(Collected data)
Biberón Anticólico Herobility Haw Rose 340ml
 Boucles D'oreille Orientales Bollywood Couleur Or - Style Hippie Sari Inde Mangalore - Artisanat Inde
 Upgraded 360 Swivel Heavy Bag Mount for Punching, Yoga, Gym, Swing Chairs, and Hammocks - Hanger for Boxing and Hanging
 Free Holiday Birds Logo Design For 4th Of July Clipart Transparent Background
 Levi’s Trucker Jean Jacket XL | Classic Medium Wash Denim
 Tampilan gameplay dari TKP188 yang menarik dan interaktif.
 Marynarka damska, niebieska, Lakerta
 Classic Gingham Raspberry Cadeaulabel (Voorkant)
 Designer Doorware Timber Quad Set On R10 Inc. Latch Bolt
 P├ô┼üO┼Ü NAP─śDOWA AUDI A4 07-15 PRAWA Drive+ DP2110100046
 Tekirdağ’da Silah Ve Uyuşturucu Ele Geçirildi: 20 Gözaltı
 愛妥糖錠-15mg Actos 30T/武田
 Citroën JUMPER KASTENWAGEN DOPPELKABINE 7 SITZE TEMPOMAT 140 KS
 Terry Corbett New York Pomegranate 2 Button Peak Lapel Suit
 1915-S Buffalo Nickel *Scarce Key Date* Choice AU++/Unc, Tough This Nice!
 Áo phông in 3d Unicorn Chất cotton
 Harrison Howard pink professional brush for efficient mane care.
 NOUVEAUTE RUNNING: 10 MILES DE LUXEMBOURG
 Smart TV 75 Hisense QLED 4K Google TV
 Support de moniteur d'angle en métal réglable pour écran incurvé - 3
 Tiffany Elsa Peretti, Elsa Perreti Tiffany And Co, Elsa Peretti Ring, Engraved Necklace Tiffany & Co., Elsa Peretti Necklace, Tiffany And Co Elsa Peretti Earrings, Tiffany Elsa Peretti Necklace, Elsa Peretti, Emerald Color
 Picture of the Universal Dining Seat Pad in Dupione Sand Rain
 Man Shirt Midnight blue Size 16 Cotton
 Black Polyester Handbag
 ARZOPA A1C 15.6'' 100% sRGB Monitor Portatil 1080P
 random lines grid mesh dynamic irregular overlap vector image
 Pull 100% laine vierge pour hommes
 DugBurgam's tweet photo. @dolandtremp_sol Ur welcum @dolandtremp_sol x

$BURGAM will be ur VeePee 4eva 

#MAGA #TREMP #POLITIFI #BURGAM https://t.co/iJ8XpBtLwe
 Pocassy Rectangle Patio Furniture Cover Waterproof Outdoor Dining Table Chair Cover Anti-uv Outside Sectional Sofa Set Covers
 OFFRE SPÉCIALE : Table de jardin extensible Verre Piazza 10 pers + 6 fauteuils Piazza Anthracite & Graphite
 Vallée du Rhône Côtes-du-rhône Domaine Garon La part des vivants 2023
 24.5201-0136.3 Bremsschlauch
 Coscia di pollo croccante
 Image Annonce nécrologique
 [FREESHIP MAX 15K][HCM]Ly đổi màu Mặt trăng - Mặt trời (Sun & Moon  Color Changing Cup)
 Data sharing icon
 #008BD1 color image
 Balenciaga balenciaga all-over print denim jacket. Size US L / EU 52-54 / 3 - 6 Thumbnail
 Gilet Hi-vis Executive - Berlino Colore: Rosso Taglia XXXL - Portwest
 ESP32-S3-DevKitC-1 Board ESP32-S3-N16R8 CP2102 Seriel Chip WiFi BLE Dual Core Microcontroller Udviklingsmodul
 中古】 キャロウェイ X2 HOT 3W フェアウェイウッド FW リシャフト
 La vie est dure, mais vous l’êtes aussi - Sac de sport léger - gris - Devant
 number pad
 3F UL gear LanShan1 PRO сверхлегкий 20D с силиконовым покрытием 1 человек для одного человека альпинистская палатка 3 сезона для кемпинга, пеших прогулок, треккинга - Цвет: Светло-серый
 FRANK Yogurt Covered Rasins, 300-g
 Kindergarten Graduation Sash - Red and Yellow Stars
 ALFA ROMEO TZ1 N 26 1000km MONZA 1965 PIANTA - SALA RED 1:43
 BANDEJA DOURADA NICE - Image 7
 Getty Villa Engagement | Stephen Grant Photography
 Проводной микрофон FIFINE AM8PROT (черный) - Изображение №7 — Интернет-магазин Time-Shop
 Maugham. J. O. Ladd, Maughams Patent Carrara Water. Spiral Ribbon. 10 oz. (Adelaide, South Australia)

- **REQUIREMENT**
Only the number is wanted: how many lines in the data include the word "Table"?

- **REPLY**
2